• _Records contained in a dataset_
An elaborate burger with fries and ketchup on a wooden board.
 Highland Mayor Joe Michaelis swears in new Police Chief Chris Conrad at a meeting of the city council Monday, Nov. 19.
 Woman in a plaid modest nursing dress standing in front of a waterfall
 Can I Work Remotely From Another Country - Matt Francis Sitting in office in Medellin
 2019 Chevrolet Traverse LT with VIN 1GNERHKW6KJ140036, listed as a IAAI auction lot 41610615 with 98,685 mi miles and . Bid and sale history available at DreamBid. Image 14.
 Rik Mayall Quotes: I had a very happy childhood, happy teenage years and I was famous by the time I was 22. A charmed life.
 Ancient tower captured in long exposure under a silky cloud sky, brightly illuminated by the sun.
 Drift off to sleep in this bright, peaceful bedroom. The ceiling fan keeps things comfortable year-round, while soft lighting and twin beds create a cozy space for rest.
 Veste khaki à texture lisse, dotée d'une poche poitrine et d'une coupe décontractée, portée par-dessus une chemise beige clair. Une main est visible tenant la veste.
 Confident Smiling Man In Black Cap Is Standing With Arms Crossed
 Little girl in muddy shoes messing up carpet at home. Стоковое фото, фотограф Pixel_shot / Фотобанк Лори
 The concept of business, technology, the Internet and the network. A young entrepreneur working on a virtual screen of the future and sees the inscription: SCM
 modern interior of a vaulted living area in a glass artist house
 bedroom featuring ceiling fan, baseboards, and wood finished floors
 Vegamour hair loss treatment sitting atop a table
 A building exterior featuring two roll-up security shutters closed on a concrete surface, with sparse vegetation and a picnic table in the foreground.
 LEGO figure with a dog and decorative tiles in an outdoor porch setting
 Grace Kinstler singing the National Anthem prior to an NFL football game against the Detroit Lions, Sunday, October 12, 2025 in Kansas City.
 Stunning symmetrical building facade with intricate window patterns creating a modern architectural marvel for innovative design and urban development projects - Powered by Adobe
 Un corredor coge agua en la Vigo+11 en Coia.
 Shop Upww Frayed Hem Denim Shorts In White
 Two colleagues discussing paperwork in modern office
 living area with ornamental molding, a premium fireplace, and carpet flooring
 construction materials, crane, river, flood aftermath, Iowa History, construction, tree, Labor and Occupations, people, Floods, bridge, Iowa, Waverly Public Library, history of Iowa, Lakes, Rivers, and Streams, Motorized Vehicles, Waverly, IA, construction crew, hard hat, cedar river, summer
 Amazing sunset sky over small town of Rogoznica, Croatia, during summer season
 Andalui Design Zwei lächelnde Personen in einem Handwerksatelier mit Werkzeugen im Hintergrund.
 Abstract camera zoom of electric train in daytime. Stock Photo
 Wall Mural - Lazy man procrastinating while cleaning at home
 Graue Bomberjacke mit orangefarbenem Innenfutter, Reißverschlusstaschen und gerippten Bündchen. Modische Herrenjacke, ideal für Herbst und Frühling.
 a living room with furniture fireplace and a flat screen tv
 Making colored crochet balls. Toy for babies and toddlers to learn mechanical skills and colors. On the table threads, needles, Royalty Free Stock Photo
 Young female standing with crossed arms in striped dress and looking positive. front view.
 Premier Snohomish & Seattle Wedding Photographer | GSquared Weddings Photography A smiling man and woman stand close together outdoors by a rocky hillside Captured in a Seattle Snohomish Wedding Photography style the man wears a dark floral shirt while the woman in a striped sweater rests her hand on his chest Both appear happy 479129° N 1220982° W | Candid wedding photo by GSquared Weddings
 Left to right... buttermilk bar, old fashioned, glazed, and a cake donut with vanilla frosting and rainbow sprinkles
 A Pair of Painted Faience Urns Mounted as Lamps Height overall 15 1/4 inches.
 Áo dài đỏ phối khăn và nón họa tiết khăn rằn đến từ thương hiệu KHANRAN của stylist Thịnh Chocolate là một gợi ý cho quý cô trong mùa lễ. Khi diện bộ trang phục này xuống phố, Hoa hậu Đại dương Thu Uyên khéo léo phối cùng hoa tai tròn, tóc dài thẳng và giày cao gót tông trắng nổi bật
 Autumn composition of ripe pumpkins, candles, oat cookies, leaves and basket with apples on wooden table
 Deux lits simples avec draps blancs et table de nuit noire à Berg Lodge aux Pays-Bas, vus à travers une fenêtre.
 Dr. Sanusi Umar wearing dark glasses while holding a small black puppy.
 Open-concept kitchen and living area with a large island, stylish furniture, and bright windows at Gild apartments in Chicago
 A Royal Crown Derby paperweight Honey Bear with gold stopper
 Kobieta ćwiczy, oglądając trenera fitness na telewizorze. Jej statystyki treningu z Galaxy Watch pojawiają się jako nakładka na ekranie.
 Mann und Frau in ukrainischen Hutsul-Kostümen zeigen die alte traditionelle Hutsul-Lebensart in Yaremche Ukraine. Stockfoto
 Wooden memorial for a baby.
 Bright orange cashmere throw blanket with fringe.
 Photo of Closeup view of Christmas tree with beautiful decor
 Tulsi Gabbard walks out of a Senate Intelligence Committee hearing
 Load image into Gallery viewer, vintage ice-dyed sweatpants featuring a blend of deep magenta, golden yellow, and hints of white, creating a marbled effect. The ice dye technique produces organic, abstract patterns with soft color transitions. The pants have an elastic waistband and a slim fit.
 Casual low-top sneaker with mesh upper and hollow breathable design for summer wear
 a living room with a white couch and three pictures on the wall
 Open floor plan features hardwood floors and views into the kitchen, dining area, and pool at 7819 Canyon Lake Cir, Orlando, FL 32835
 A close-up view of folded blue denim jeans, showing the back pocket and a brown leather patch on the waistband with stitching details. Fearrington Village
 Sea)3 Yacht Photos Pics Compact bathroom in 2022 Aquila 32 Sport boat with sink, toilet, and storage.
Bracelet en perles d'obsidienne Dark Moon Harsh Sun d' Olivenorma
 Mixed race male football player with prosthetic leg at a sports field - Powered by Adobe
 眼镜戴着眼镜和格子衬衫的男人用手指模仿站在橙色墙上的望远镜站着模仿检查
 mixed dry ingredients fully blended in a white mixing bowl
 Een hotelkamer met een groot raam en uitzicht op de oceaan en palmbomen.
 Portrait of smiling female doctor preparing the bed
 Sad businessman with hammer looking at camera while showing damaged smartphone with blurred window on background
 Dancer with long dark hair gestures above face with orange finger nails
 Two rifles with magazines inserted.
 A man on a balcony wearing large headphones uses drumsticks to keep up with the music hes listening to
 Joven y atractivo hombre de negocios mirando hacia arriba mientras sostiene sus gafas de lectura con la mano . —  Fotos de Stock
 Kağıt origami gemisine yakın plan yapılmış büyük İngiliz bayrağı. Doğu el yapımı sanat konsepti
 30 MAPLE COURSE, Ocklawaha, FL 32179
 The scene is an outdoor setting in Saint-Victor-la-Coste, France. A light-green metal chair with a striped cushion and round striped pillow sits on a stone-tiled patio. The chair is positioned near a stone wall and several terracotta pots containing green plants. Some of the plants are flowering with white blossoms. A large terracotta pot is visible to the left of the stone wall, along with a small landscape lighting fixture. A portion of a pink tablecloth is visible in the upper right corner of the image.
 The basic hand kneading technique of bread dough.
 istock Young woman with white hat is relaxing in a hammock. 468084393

• _Task directions_
Each entry above should be retyped exactly, with nothing missed.

• _Result of the task_
An elaborate burger with fries and ketchup on a wooden board.
 Highland Mayor Joe Michaelis swears in new Police Chief Chris Conrad at a meeting of the city council Monday, Nov. 19.
 Woman in a plaid modest nursing dress standing in front of a waterfall
 Can I Work Remotely From Another Country - Matt Francis Sitting in office in Medellin
 2019 Chevrolet Traverse LT with VIN 1GNERHKW6KJ140036, listed as a IAAI auction lot 41610615 with 98,685 mi miles and . Bid and sale history available at DreamBid. Image 14.
 Rik Mayall Quotes: I had a very happy childhood, happy teenage years and I was famous by the time I was 22. A charmed life.
 Ancient tower captured in long exposure under a silky cloud sky, brightly illuminated by the sun.
 Drift off to sleep in this bright, peaceful bedroom. The ceiling fan keeps things comfortable year-round, while soft lighting and twin beds create a cozy space for rest.
 Veste khaki à texture lisse, dotée d'une poche poitrine et d'une coupe décontractée, portée par-dessus une chemise beige clair. Une main est visible tenant la veste.
 Confident Smiling Man In Black Cap Is Standing With Arms Crossed
 Little girl in muddy shoes messing up carpet at home. Стоковое фото, фотограф Pixel_shot / Фотобанк Лори
 The concept of business, technology, the Internet and the network. A young entrepreneur working on a virtual screen of the future and sees the inscription: SCM
 modern interior of a vaulted living area in a glass artist house
 bedroom featuring ceiling fan, baseboards, and wood finished floors
 Vegamour hair loss treatment sitting atop a table
 A building exterior featuring two roll-up security shutters closed on a concrete surface, with sparse vegetation and a picnic table in the foreground.
 LEGO figure with a dog and decorative tiles in an outdoor porch setting
 Grace Kinstler singing the National Anthem prior to an NFL football game against the Detroit Lions, Sunday, October 12, 2025 in Kansas City.
 Stunning symmetrical building facade with intricate window patterns creating a modern architectural marvel for innovative design and urban development projects - Powered by Adobe
 Un corredor coge agua en la Vigo+11 en Coia.
 Shop Upww Frayed Hem Denim Shorts In White
 Two colleagues discussing paperwork in modern office
 living area with ornamental molding, a premium fireplace, and carpet flooring
 construction materials, crane, river, flood aftermath, Iowa History, construction, tree, Labor and Occupations, people, Floods, bridge, Iowa, Waverly Public Library, history of Iowa, Lakes, Rivers, and Streams, Motorized Vehicles, Waverly, IA, construction crew, hard hat, cedar river, summer
 Amazing sunset sky over small town of Rogoznica, Croatia, during summer season
 Andalui Design Zwei lächelnde Personen in einem Handwerksatelier mit Werkzeugen im Hintergrund.
 Abstract camera zoom of electric train in daytime. Stock Photo
 Wall Mural - Lazy man procrastinating while cleaning at home
 Graue Bomberjacke mit orangefarbenem Innenfutter, Reißverschlusstaschen und gerippten Bündchen. Modische Herrenjacke, ideal für Herbst und Frühling.
 a living room with furniture fireplace and a flat screen tv
 Making colored crochet balls. Toy for babies and toddlers to learn mechanical skills and colors. On the table threads, needles, Royalty Free Stock Photo
 Young female standing with crossed arms in striped dress and looking positive. front view.
 Premier Snohomish & Seattle Wedding Photographer | GSquared Weddings Photography A smiling man and woman stand close together outdoors by a rocky hillside Captured in a Seattle Snohomish Wedding Photography style the man wears a dark floral shirt while the woman in a striped sweater rests her hand on his chest Both appear happy 479129° N 1220982° W | Candid wedding photo by GSquared Weddings
 Left to right... buttermilk bar, old fashioned, glazed, and a cake donut with vanilla frosting and rainbow sprinkles
 A Pair of Painted Faience Urns Mounted as Lamps Height overall 15 1/4 inches.
 Áo dài đỏ phối khăn và nón họa tiết khăn rằn đến từ thương hiệu KHANRAN của stylist Thịnh Chocolate là một gợi ý cho quý cô trong mùa lễ. Khi diện bộ trang phục này xuống phố, Hoa hậu Đại dương Thu Uyên khéo léo phối cùng hoa tai tròn, tóc dài thẳng và giày cao gót tông trắng nổi bật
 Autumn composition of ripe pumpkins, candles, oat cookies, leaves and basket with apples on wooden table
 Deux lits simples avec draps blancs et table de nuit noire à Berg Lodge aux Pays-Bas, vus à travers une fenêtre.
 Dr. Sanusi Umar wearing dark glasses while holding a small black puppy.
 Open-concept kitchen and living area with a large island, stylish furniture, and bright windows at Gild apartments in Chicago
 A Royal Crown Derby paperweight Honey Bear with gold stopper
 Kobieta ćwiczy, oglądając trenera fitness na telewizorze. Jej statystyki treningu z Galaxy Watch pojawiają się jako nakładka na ekranie.
 Mann und Frau in ukrainischen Hutsul-Kostümen zeigen die alte traditionelle Hutsul-Lebensart in Yaremche Ukraine. Stockfoto
 Wooden memorial for a baby.
 Bright orange cashmere throw blanket with fringe.
 Photo of Closeup view of Christmas tree with beautiful decor
 Tulsi Gabbard walks out of a Senate Intelligence Committee hearing
 Load image into Gallery viewer, vintage ice-dyed sweatpants featuring a blend of deep magenta, golden yellow, and hints of white, creating a marbled effect. The ice dye technique produces organic, abstract patterns with soft color transitions. The pants have an elastic waistband and a slim fit.
 Casual low-top sneaker with mesh upper and hollow breathable design for summer wear
 a living room with a white couch and three pictures on the wall
 Open floor plan features hardwood floors and views into the kitchen, dining area, and pool at 7819 Canyon Lake Cir, Orlando, FL 32835
 A close-up view of folded blue denim jeans, showing the back pocket and a brown leather patch on the waistband with stitching details. Fearrington Village
 Sea)3 Yacht Photos Pics Compact bathroom in 2022 Aquila 32 Sport boat with sink, toilet, and storage.
Bracelet en perles d'obsidienne Dark Moon Harsh Sun d' Olivenorma
 Mixed race male football player with prosthetic leg at a sports field - Powered by Adobe
 眼镜戴着眼镜和格子衬衫的男人用手指模仿站在橙色墙上的望远镜站着模仿检查
 mixed dry ingredients fully blended in a white mixing bowl
 Een hotelkamer met een groot raam en uitzicht op de oceaan en palmbomen.
 Portrait of smiling female doctor preparing the bed
 Sad businessman with hammer looking at camera while showing damaged smartphone with blurred window on background
 Dancer with long dark hair gestures above face with orange finger nails
 Two rifles with magazines inserted.
 A man on a balcony wearing large headphones uses drumsticks to keep up with the music hes listening to
 Joven y atractivo hombre de negocios mirando hacia arriba mientras sostiene sus gafas de lectura con la mano . —  Fotos de Stock
 Kağıt origami gemisine yakın plan yapılmış büyük İngiliz bayrağı. Doğu el yapımı sanat konsepti
 30 MAPLE COURSE, Ocklawaha, FL 32179
 The scene is an outdoor setting in Saint-Victor-la-Coste, France. A light-green metal chair with a striped cushion and round striped pillow sits on a stone-tiled patio. The chair is positioned near a stone wall and several terracotta pots containing green plants. Some of the plants are flowering with white blossoms. A large terracotta pot is visible to the left of the stone wall, along with a small landscape lighting fixture. A portion of a pink tablecloth is visible in the upper right corner of the image.
 The basic hand kneading technique of bread dough.
 istock Young woman with white hat is relaxing in a hammock. 468084393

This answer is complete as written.